Cuando
era chico solía visitar a mi tío Eduardo todos los sábados. Él me dejaba jugar
en el altillo a ser un hechicero, con millones de frasquitos con esencias que mi abuelo había guardado allí al
abandonar el oficio de perfumista. Juraba haber tenido demasiados dolores de
cabeza y visiones como para seguir. Nadie le creía sus historias, por supuesto,
por eso me permitían manipular cada frasco sin recomendación alguna, excepto la
de no romperlos.
Yo no
era un niño muy deseado ni consentido, apenas si se ocupaban de que comiera y
no perdiera clases.
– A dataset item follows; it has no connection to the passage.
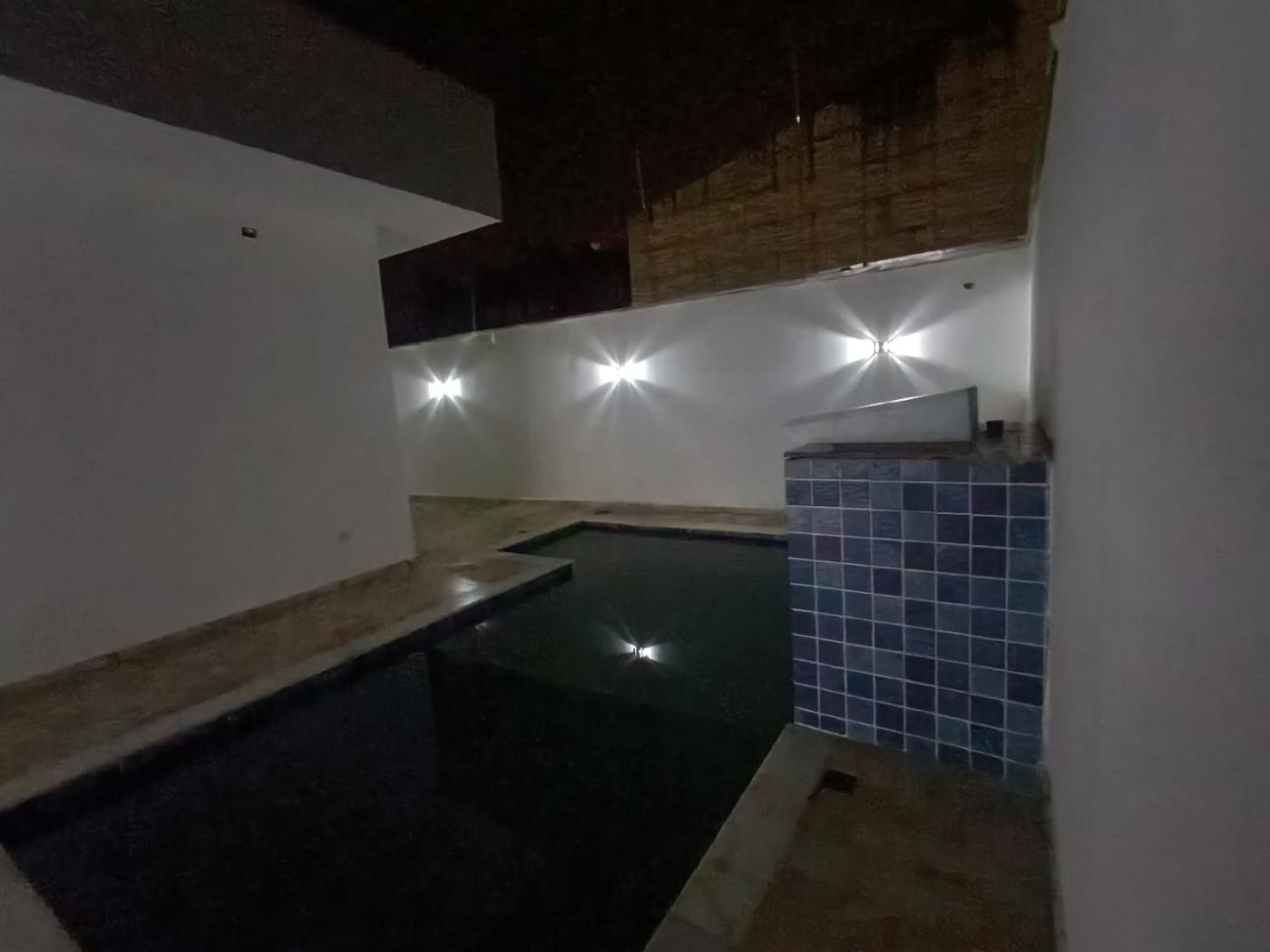 Casa à venda com 3 quartos, 250m² - Foto 1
Pero mi tío era muy aniñado, a pesar de sus treinta y cinco
años, y era para mí el compañero y guía que necesitaba. En su casa casi no
había reglas, y sobre todo, no había nada que limitara mi imaginación. De
adolescente se convirtió en mi mejor y único amigo, ya que en el colegio nadie
quería pasar tiempo con un flacucho pálido y ojeroso como yo.
Con
los años, de tanto jugar al hechicero en aquel aromático altillo, me volví casi
un experto en cantidades y recetas; guiándome con anotaciones de puño y letra
de mi abuelo, empecé a crear mis propias fragancias. No importaban los dolores
de cabeza ni las voces, me encantaba pensar que estaba creando pociones y que con ellas
cambiaría el mundo.
Mi más anhelada poción haría que Eugenia se enamorara de mí, perdidamente. No
había ninguna fragancia entre esos frascos infinitos que me produjera lo mismo
que pronunciar su nombre.
Costó
mucho encontrar la receta justa del amor, pero finalmente, una tarde gris en
pleno octubre, vi su figura sobre una pared enmohecida del altillo. Era
completamente asimétrico y oscuro, se movía dulcemente como hamacado por la
brisa y emitía un sonido leve que hacía que mi corazón se acelerara. Necesitaba
ponerlo en el frasco más bonito para obsequiárselo a Eugenia; me querría como a
nadie, ¡estaba seguro de eso! Busqué desesperado en los armarios pero no
encontraba nada digno de semejante hechizo.
De
pronto noté que se movía hacia la ventana y me apresuré a abrazarlo para que no
se escapara, pero en lugar de atraparlo pasé a través de él como si de humo se
tratara. Mis manos chocaron accidentalmente contra el vidrio resquebrajado,
rompiéndolo y lastimando mis muñecas.
Al
romperse, el vidrio generó succión y se tragó al amor limpiamente.
Grité
desesperado, como si lograra con eso que el amor volviera al altillo y se
metiera en un frasco. Luego lloré, lloré sin poder recordar casi nada de la fórmula
que había usado para crearlo. Las voces reían, ¿por qué reían?, ¿acaso no estaban
alentándome hacía algunos minutos?, ¿no habían sido ellas las que me habían
guiado en el proceso?
Gritar
“¡Eugenia!” una y otra vez, entre lágrimas y sangrando, quizás no fue mi mejor
elección. Tampoco lo fue contar mi historia frente a aquel señor de guardapolvo
blanco que llegó a la casa un par de horas después.
Hoy me
encuentro provisoriamente en esta insípida e inodora habitación; mi psiquiatra cree que un suicida con psicosis
alucinatoria crónica no puede estar seguro en su casa, sino que necesita
constante vigilancia. Yo solo sé que si algún día me dejan volver, ya no me van
a permitir crear pociones, y que perdí a Eugenia sin haberla tenido aún.